Thirteen-year-old Madi, whom I have known since she was in kindergarten, took the challenge. I was deeply touched when she (through her mother, who also took the challenge) contacted me with her concerns. Here is our conversation from June 2020.
Madi: What do you think about what is happening?
Darla: It makes me sad. As long as I have been alive (60 years in October), skin color has caused many people to be hateful towards each other. And you know from studying history that this has been going on for far longer than that. However, I do not agree that all white people are bad, are privileged, and can’t be trusted to understand how I might feel.
Madi: Has it changed much since you were growing up?
Darla: Yes and no. People have become more vocal about the mistreatment they receive, and there are more organizations available to help, beyond the local resources. Technology has made it easy to connect with large numbers of people. My family moved to Santa Barbara when I was a year old. The Civil Rights Act hadn’t even been passed to give blacks equal rights. It’s actually quite mind boggling when I think about how recently that occurred. What hasn’t changed since I was growing up is the amount of people who hate. And having access to social media magnifies lets them magnify that hate.
Madi: Did this happen a lot when you were growing up?
Darla: Not a lot that I recognized at that young age. I recall several times being called the n-word when I was in elementary school. My Mom (Ohio) and Dad (Arkansas) grew up with it, but they had friends of all colors in Santa Barbara, so I and my siblings did, too. There were not a lot of black families in this city back then. There still aren’t! Protests occurred here in the 1960’s and 70’s that would coincide with state and national incidents.
Madi: What can I learn from these terrible events?
Darla: Learn that the wound that opened many centuries ago has not healed for all black people. America’s use of the slavery system has its consequences to this day. It was a wrong that our country has tried to right, but the wound continues to flare. I also hope you learn that evil comes in all colors and exists in all communities. There is no excuse for the looting, incitement, and violence.
Madi: What is something that I can personally do to help this not happen in the future?
Darla: I try not to overwhelm myself by thinking I can keep this from happening ever again. Instead, I focus on my own little world of family, friends, and acquaintances and try to keep it from happening there. Then, as each person reaches out to another person and they to another, the world can become a better place. Respect people as those who each were created in the image of God. There is their worth. I wish everyone could accept that as truth. Once I learned and believed it, the n-word had no chance of crushing me ever again because the color of my skin, and everything that went along with that, no longer defined me.
Madi: I can’t even imagine how hard this is for the African-American community. I hope everything is good and sorry that there are no Dodgers games to listen to!
Darla: Thanks, Madi.
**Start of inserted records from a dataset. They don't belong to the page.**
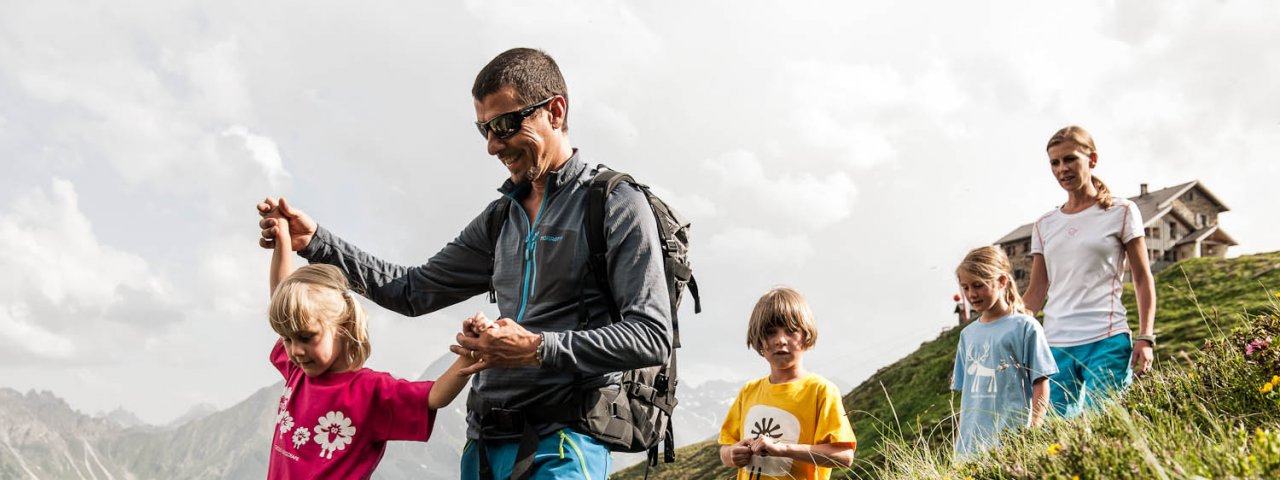 Familienwanderung im Stubaital, © TVB Stubai Tirol/Andre Schönherr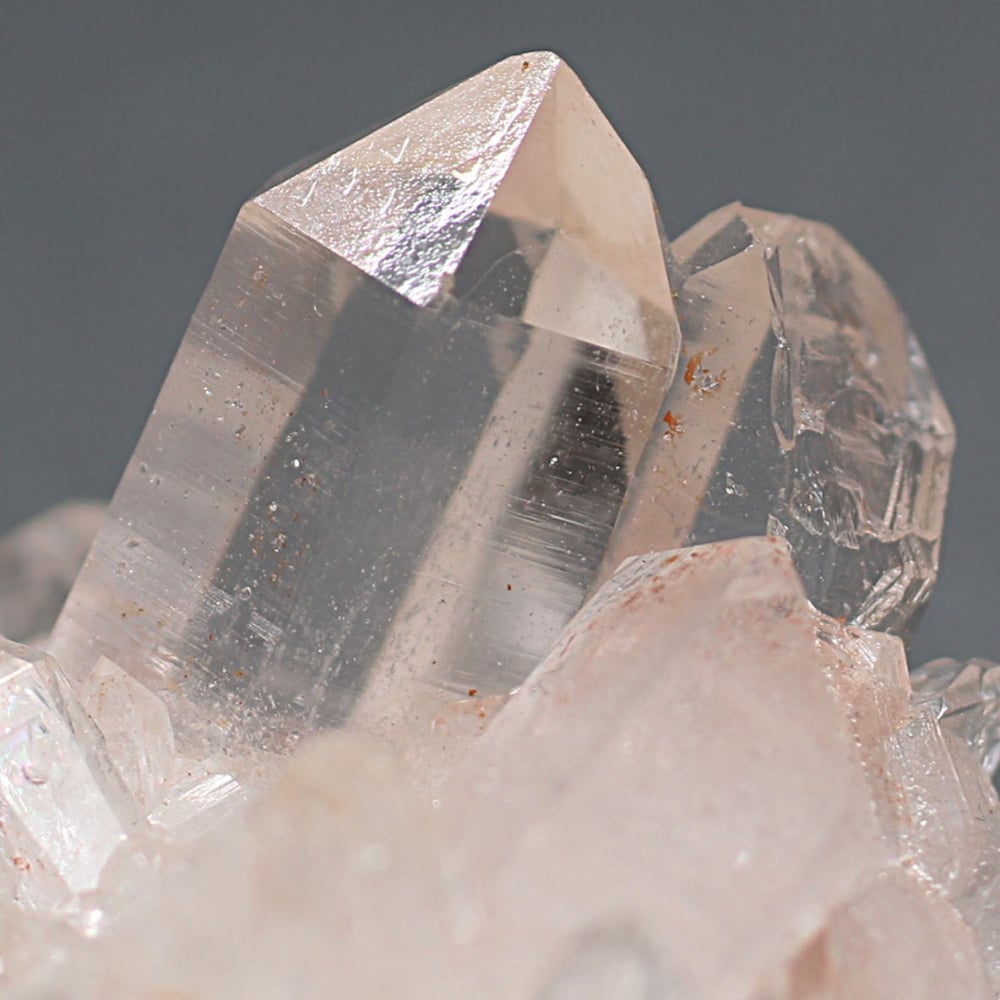 高品質]インド/マニカラン産ヒマラヤ水晶クラスター/原石小さめサイズ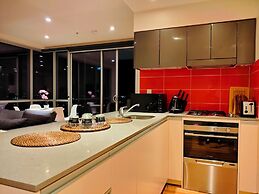 Adelaide Central Skyline Panoramic Suite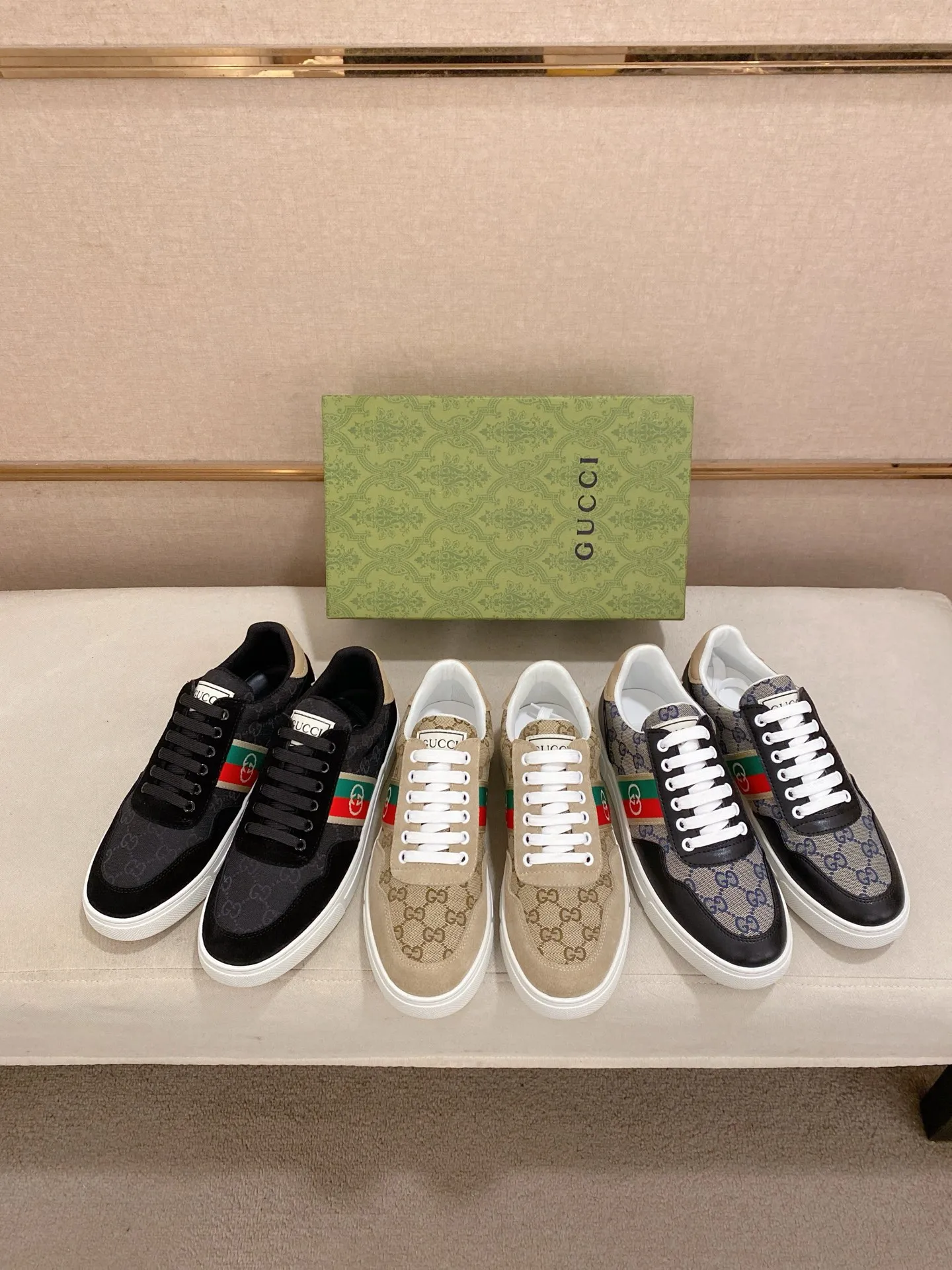 Men's clothing and shoes💰:440💰 (GUCCI) The latest model from the official website 🎁🎁Casual and fashionable men's shoes👟, hot style 💥The version is simple and elegant, exclusive for trendy men. Unique official website latest brand elements 👑Gucci original decoration, fashionable and generous, the fabric is original cowhide ✅sheepskin lining, the official website specifies wear-resistant casual outsole, the classic model is taken in kind at the counter🎬38-44 (45 is not returned or exchanged)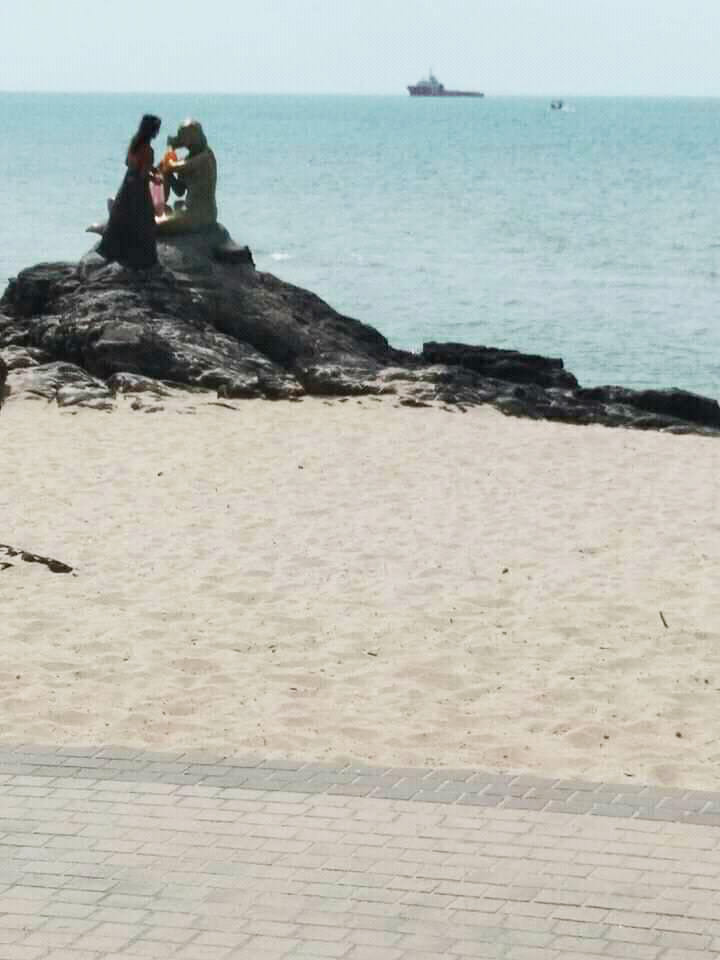 สาวป่วยจิตแต่งหน้านางเงือกทอง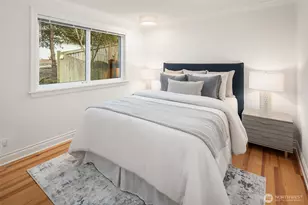 2001 77th Ave NE, Medina, WA 98039 - Photo 19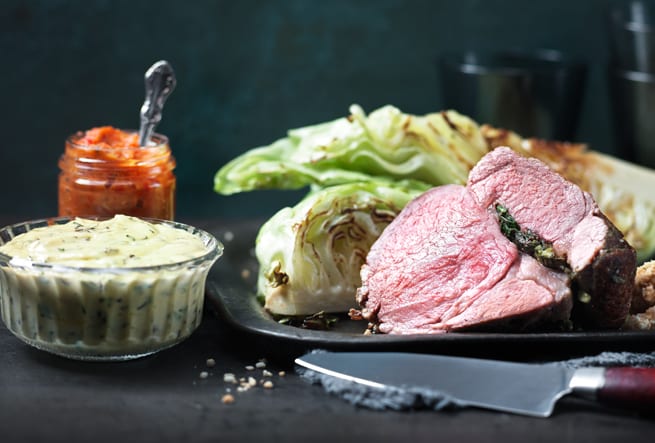 Saltinbakat lamm med smörstekt spetskål och tryffelbea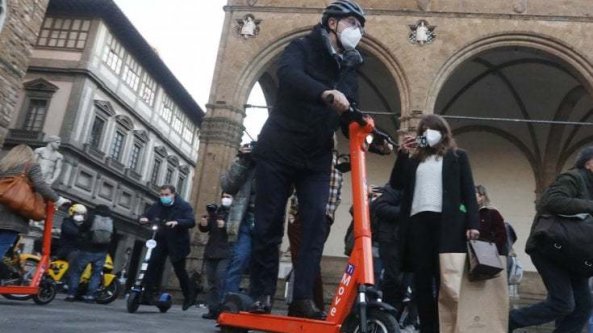 Firenze, da oggi casco obbligatorio sul monopattino. In attesa del Tar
It gets hard when I think about what my male relatives are going through. My older brother, my son — it’s tough to know that they live life tiptoeing through certain situations. But I also believe in prayer and that God is ultimately in control. Something good will come from this. It already has: this little conversation with you! I hope my words don’t confuse or overwhelm you. Do not think that you have to feel badly or guilty about your skin color. Keep those feelings for when you actually do something wrong. Have compassion for those who are hurting. Use your wonderful personality, talents, hard work, and beautiful smile to make your parents proud and to share goodness with the world. Thank you for caring enough to ask these hard questions.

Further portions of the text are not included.